Why we don’t score, rank, or predict candidates.
It would be technically easy to add a score to every Flipbase video moment. We have deliberately not built it. Here is the reasoning.
Flipbase team · 6 February 2026
Every conversation with a new customer eventually touches the same question. Could we add a score to the video moments? An AI rating, a quick rank, a flag for the recruiter that says this one is worth watching first.
The answer is no. The reason is not technical, because the technical part is straightforward. The reason is product, and the rest of this is the long version of why.
What a score actually does.
When you put a score next to a piece of evidence, the score becomes the evidence. The recruiter who is meant to watch the video moment glances at the 87 percent next to it and forms an opinion before they press play. The opinion is calibrated to the score, not to what they see in the recording.
This is well-documented in any domain where humans review evidence with a score attached. Doctors with AI-assisted radiology, judges with risk scores, recruiters with AI shortlisting. The score pulls the human's attention toward agreement, even when the human would have disagreed on the underlying evidence in isolation.
If we put a score on a Flipbase video moment, the moment stops being the thing the recruiter watches. It becomes the thing the recruiter checks against a score. The product changes in shape from a context tool to a decision-support tool, and decision-support tools have a different ethics and a different regulatory posture, both of which we deliberately do not want.
What a rank does.
A ranked list is a stronger version of the same problem. The recruiter who opens a list of ten candidates ranked by an AI-generated score reads them in the order the algorithm provided. The first candidate gets the most attention, the last candidate gets the least. The recruiter's evaluation of any given candidate is partially shaped by where the algorithm placed them in the list, because attention is a finite resource and order matters.
The honest version of this is that ranking is a recommendation in disguise. The system says: I think you should look at this one first. The recruiter agrees most of the time, because looking at the recommendations is faster than not. The cumulative effect is that the algorithm shapes who gets hired, and the recruiter signs off.
We are not in the business of shaping who gets hired. We are in the business of giving the recruiter one more piece of context so they can shape it themselves.
What a prediction does.
Predictions are the same problem with a different shape. A prediction tells the recruiter the system's best guess at the candidate's outcome. Will they pass the screening call. Will they accept the offer. Will they be a strong performer in role.
Predictions are technically a forecast and emotionally a verdict. The recruiter who sees a prediction of low likelihood to pass the next stage will think twice about advancing the candidate, even when their own read of the video says otherwise. The model becomes the gatekeeper, the recruiter becomes the executor.
This is the part of the AI-in-hiring conversation that regulators are paying the most attention to, and rightly so. The EU AI Act treats high-risk hiring AI as needing documented oversight precisely because predictions about candidate outcomes change the shape of the decision, even when they are framed as advisory.

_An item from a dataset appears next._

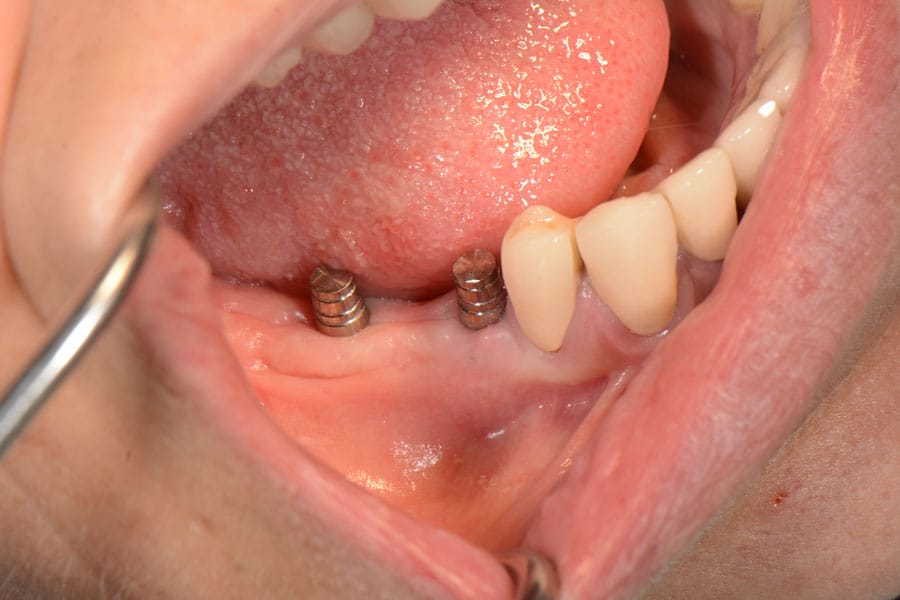 Jamstvo na zubne implantate — što plaćate i što dobivate (2026)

Why this is hard to resist.
The reason every vendor in the space eventually adds a score or a rank is that the buyer asks for it. The first procurement meeting after a video screening tool is rolled out usually contains some version of: this is nice, but can the system help us figure out which ones to watch first?
The answer that pleases the buyer is yes, here is a score. The answer that pleases the underlying intent (faster, better decisions) is no, watch them all, they are 60 seconds each. The second answer is harder to sell in the moment and produces better outcomes over time. We have chosen the harder sell.
What we build instead.
Every product decision in Flipbase is in service of the recruiter still being the one who decides. The 60-second cap exists so the videos can actually be watched at scale, so the recruiter is not asking us to filter for them. The structured question exists so candidates' answers are comparable, so the recruiter has a fair basis for comparison. The native ATS embed exists so the watching happens where the rest of the decision already happens.
None of those decisions reduce the recruiter's work to the same degree that a score would. They all increase the quality of the decision the recruiter makes. The math is deliberately different.
What this means for our customers.
If a customer wants AI scoring on candidates, we tell them, openly, that we are not the right product. We say it on the website, we say it on demos, we say it in procurement discussions. We do not try to sell them on the idea that not scoring is actually a feature. Either they want a tool that scores, in which case there are other vendors who do that better and more honestly than we would, or they want a tool that gives recruiters context, in which case we are the right fit.
The vendors that try to do both end up doing both poorly. The vendors that pick a side end up doing one well.
Flipbase is the side that does not score. That is a constraint we choose, not a missing feature. If your team needs the other shape, we will say so plainly.